By: Bill Reading on October 15th, 2012
The Importance of a Well Planned Exit
An exit plan is a comprehensive road map to successfully exit a privately held business. It asks and answers all of the business, personal, financial, legal, and tax questions involved in selling a privately owned business. Its purpose is to maximize the value of the business at the time of the exit, minimize the amount of taxes paid, and ensure that the business owner is able to accomplish all their personal and financial goals in the process.
Most Don't Have It
Despite the tremendous value of exit planning, most owners of emerging growth companies that are trying to get out of No Man’s Land do not have an exit plan. In fact, only an estimated 28 percent of private businesses have done any exit planning so more than 70 percent have no
exit plan at all. Due at least in part to a lack of planning, only 30 percent of family-owned businesses survive through the second generation. The bottom line is that too few business owners are proactively planning for the inevitable exit process. They typically are too consumed with working “in” the business and they fail to work “on” the business. Further, they keep procrastinating and putting off the important planning piece.

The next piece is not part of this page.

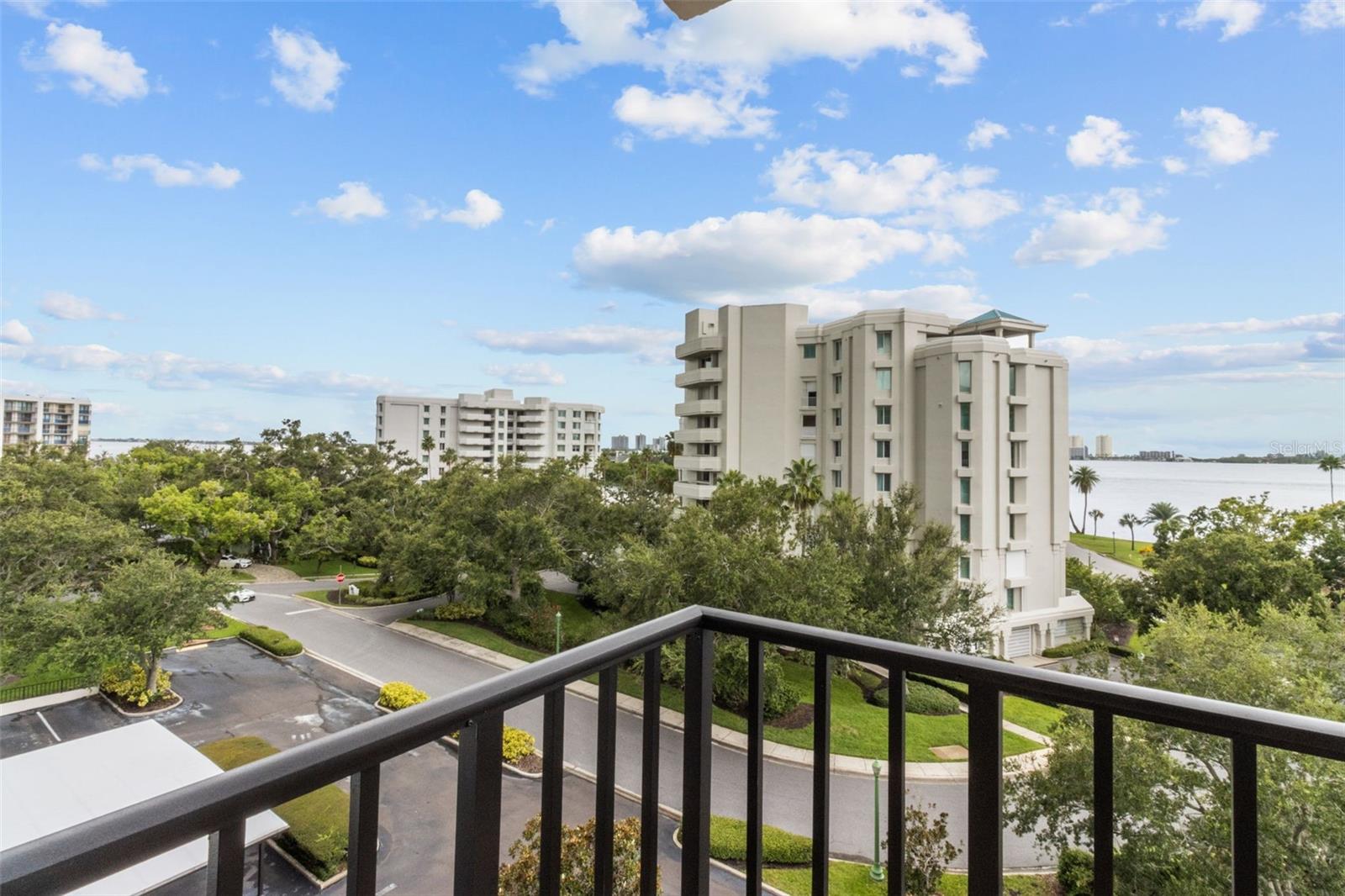 Listing photo id 18 for 150 Belleview Boulevard 507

Every business owner should begin with the end in mind and have a strategic exit plan regardless of their age or the stage in the life cycle of the company. Venture capitalists who fund start-up companies will not invest in a business unless they believe the founders have a good exit plan. Private equity groups will not buy or invest in a successful middle-market company without developing a detailed exit plan for themselves prior to investing.
Position to Maximize Value
One of the goals of the exit plan is to position the company so it can maximize value at the time of sale. Since many value enhancement projects take time to implement and show results, business owners should begin the exit planning process at least 3-5 years before they want to completely exit the business. This helps ensure a successful exit through a continued focus on the value factors and value drivers in the business. It also enables the business owner to assess the various exit options at their disposal including: Transfer to family; Sell to other shareholders; Sell to management (MBO, LBO); Sell to an ESOP (employee-owned); Sell to a third party (strategic buyers, financial buyers; private equity); Refinance or recapitalize the business (raise capital, take some chips off table); Going public (IPO, DPO); etc.
A well planned, realistic strategy to exit the business at a desired level of valuation or pass it on to the next generation of the family is indispensable to all emerging growth companies.